According to TMT, “potential fear” evolves with living and operates with a “cultural worldview”, which acts as an anxiety buffer to maintain normal life (Rosenblatt et al. 1989, p. 681
). In the term “cultural worldview”, the word “culture” consists of activities such as the arts and philosophy, which are considered to be important for the development of civilization and people’s minds. In other words, culture is a term that encompasses all forms of human behavior. Thus, “cultural worldview” is a kind of “integrated idea system”. If death is the object of consciousness, fear or anxiety about death occur, and fear and anxiety are reduced after the reinterpretation of death through an integrated notion system of a “cultural worldview”. In this sense, the cultural worldview serves as a buffer for the anxiety of death.
Based on the above theory, TMT assumes two hypotheses. The first is the mortality salience hypothesis.

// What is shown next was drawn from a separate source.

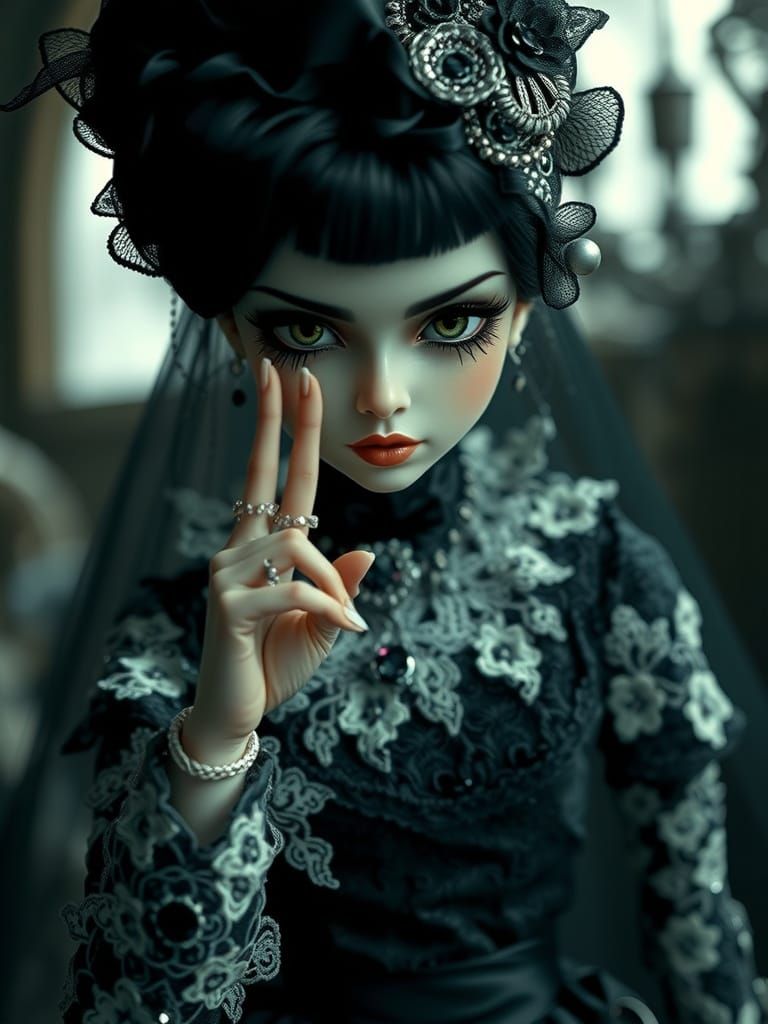 Intricate Gothic Doll Demands Silence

This hypothesis is that if death is salient in consciousness, humans will try to sustain their survival in consciousness by adhering to their cultural worldview or by increasing self-esteem. The study on the first hypothesis has been conducted experimentally by exploring the reinforcement of belief in a cultural worldview and the increase of self-esteem after MS induction (Vail et al. 2012, p. 304
The second hypothesis is the anxiety-buffer hypothesis. This hypothesis states that if a person becomes aware of their death, certain psychological factors will act to mitigate death anxiety or fear. As mentioned, in TMT, cultural worldview and self-esteem play a role in mitigating anxiety about death. In particular, cultural worldview and self-esteem are mainly used as buffers for the fear of death. For example, research has shown that death anxiety decreases when self-esteem rises after MS induction (Solomon et al. 2004, p. 20
). Another study shows that a person with low self-esteem demonstrates a very strong defensive worldview after MS has been triggered (Pyszczynski et al. 1997, p. 3
). Through these studies, TMT suggests that the increase and decrease of self-esteem result from psychological changes caused by MS.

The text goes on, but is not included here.